Beginning with the line containing "Remember one important" and going on through the line containing "Hi! Andrew with", the lines below are to be returned exactly, pictures excluded and nothing added.

_Information given_.
┌──

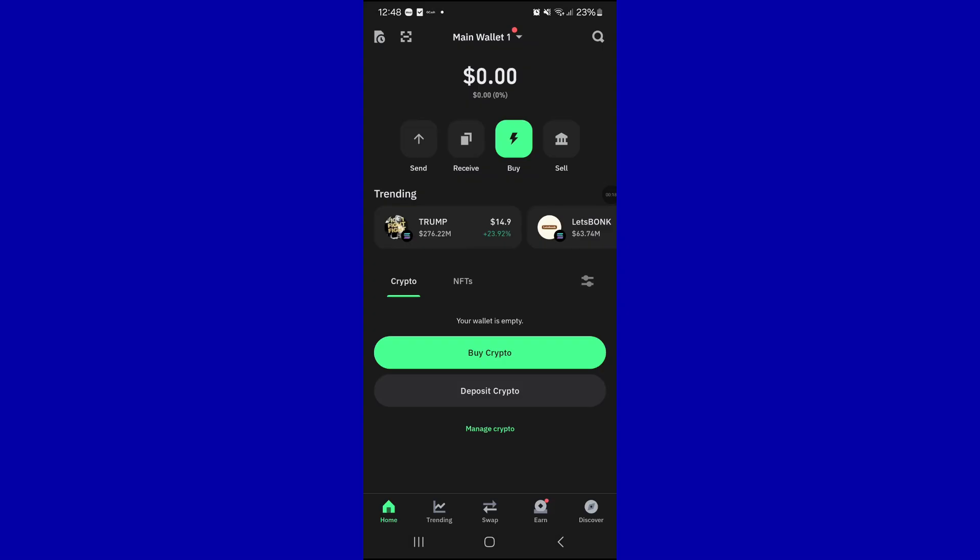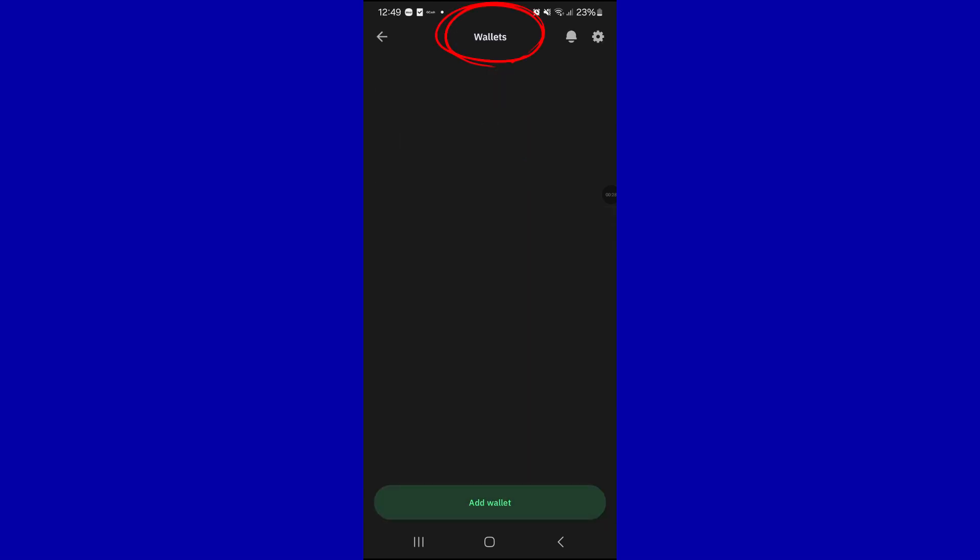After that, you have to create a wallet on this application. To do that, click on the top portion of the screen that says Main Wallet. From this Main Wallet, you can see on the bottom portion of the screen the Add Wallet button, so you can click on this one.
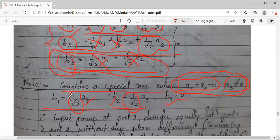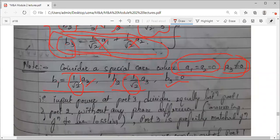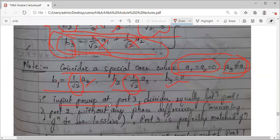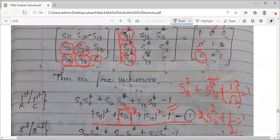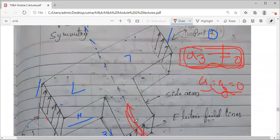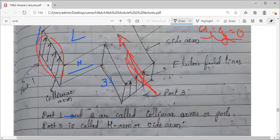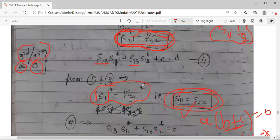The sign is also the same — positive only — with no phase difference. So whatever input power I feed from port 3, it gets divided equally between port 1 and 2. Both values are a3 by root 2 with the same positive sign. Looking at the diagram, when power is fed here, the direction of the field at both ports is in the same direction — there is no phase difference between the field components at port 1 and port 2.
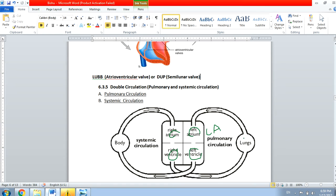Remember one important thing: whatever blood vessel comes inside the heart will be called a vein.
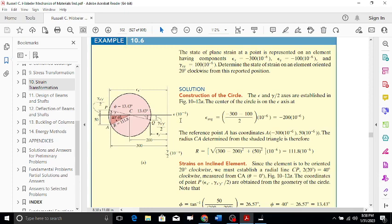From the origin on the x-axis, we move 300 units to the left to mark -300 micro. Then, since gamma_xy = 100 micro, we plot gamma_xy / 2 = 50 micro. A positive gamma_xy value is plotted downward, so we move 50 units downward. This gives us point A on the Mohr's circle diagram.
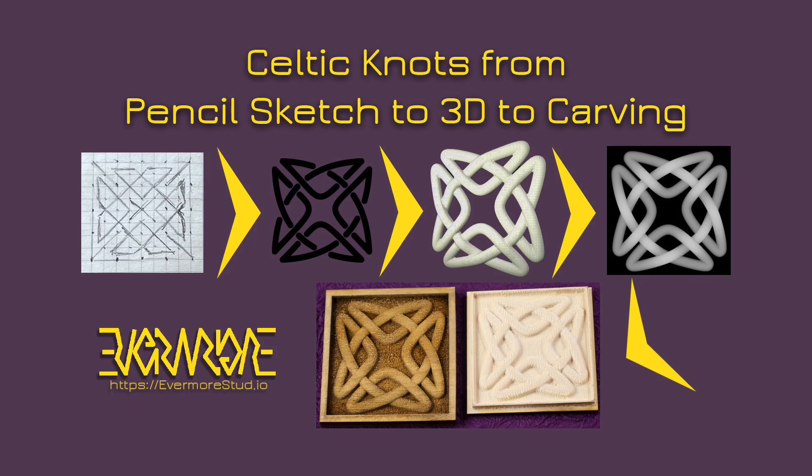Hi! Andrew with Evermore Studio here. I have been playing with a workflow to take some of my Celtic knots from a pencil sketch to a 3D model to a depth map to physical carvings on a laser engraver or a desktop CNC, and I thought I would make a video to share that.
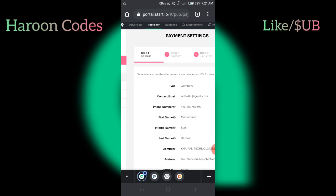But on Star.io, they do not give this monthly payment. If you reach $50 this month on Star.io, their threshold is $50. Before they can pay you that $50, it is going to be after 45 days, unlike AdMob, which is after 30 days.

└──

_Response area_.
Remember one important thing: whatever blood vessel comes inside the heart will be called a vein.
From the origin on the x-axis, we move 300 units to the left to mark -300 micro. Then, since gamma_xy = 100 micro, we plot gamma_xy / 2 = 50 micro. A positive gamma_xy value is plotted downward, so we move 50 units downward. This gives us point A on the Mohr's circle diagram.
Hi! Andrew with Evermore Studio here. I have been playing with a workflow to take some of my Celtic knots from a pencil sketch to a 3D model to a depth map to physical carvings on a laser engraver or a desktop CNC, and I thought I would make a video to share that.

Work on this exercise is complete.